So which colour should I use? By this time I hadn't seen any official mentioning of any specific colour used by markerlights, so that couldn't influence my choise. Instead I thought this way: - Red is very common for lasers on Earth. T'au isn't Earth and the Tau aren't human, therefore I won't use red! - Green isn't "Earthly", but won't be very visible on the green background I will use, therefore I won't use green LEDs. - Yellow is thus the right way to go, and that's what I picked! (After leaving the store we had a nice stroll to the company where my course was held.) Today these counters, two of them, is the most completed part of my entire Tau army, in spite of the fact that it'll take a long time before I have enough units to make it worthwhile using any markerlights... Back to Contents
III The Electronics
From an electronics point of view these counters consist of; one battery, one battery holder, one resistor and one or more LEDs (Light Emitting Diodes). The battery holder simply holds the battery. In these counters it also makes up the bulk and base of the construction, which makes picking the most suitable type more interesting. The battery is a Lithium "button" type battery. Lithium batteries are 3.0V nominal voltage, which is perfect for this application. The size of battery (and corresponding holder) chosen will strike a balance between counter size and how often you'll need to replace the battery. The LEDs are the key components and also the parts most difficult to accuire. It's easy to find shops that sell LEDs, but the regular LEDs have a design we don't want to use because it will make the counters too tall! Therefore you will most probably need to find an electronics store that has a large assortment of LEDs in order to find any that fit our needs. To understand LEDs you need to know how they work: As the name implies they are diodes. Diodes generally have the characteristics that they:
- a) Block current in one direction, known as the "rear" or "backward" direction
- b) Let the current through in the other, "forward", direction, once a threshold, the "diode voltage" is reached. Combined with a) this means that it's important to mount diodes in the correct direction if they are powered by a DC source, such as a battery.

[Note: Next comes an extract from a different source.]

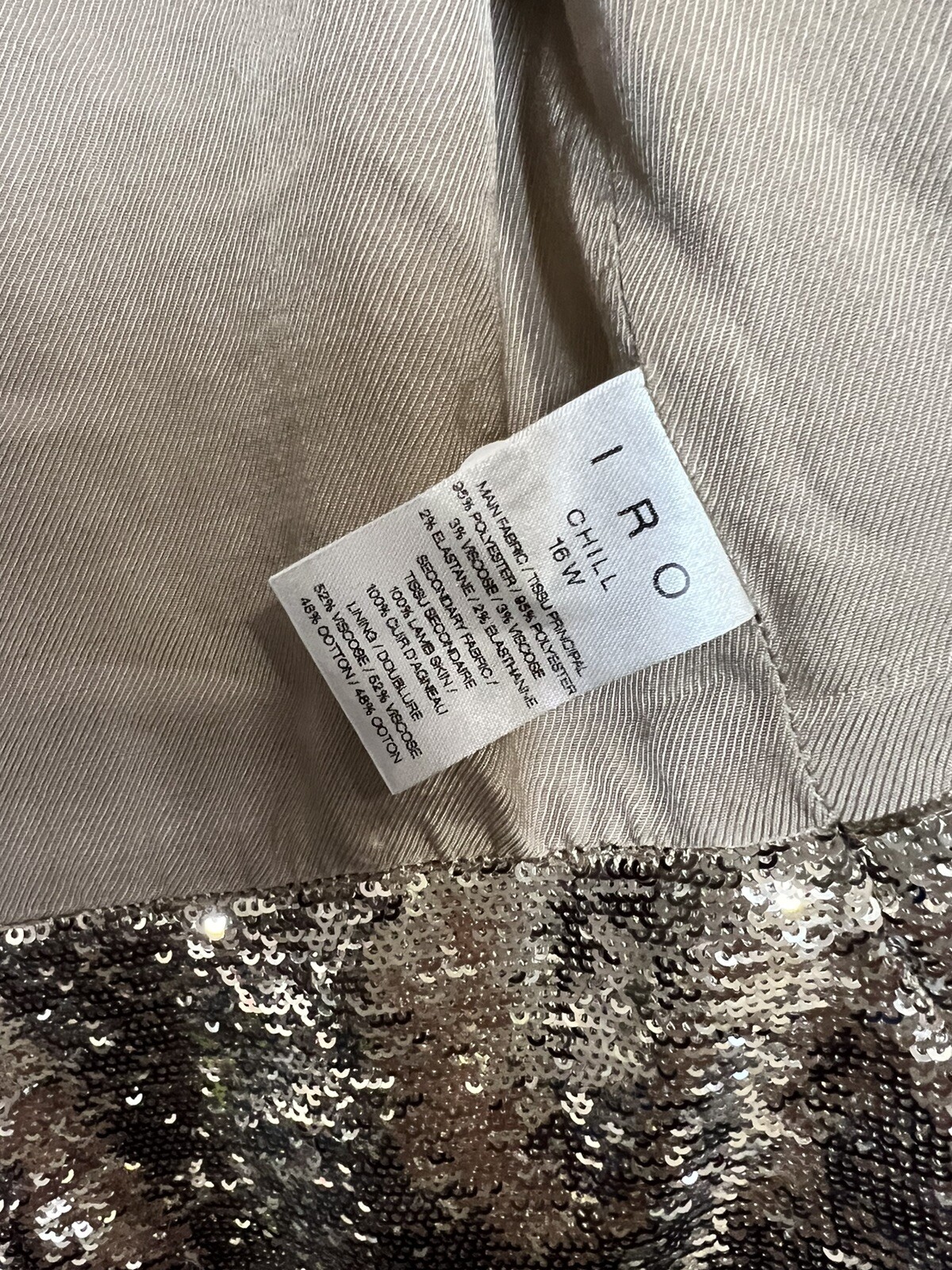IRO Chill Sequin Double-Breasted Jacket Gold 36 U… - image 10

- c) The voltage over the diode stays almost constant even if the current varies.
As the current increases so does the power (heat) generated in the diode. Therefore all diodes have a maximum current rating. At too high currents the diode will overheat and be destroyed. For this reason diodes need to be protected by some current limiter, which usually consists of a resistor connected in series with the diode. Light Emitting Diodes also have the property that they emit light when a current flows through them. More current results in more light, and in our application we want less light and thus put a tighter limit on the current. The resistor controls (limits) the current used. The higher the current the more light from the LEDs and the faster the battery will need replacement. Back to Contents
IV Choosing Components
IV.1 Battery Holder (and thus Battery)
For the battery holder we have two important factors: General shape and battery size. The general shape is important because it will have a huge impact on the shape of the finished counter. Fortunately one very common design is circular and flat with one connector at the edge and one near the centre. These holders are intended for mounting flat on a circuit board. This is the design I use myself as well as recommend others to use.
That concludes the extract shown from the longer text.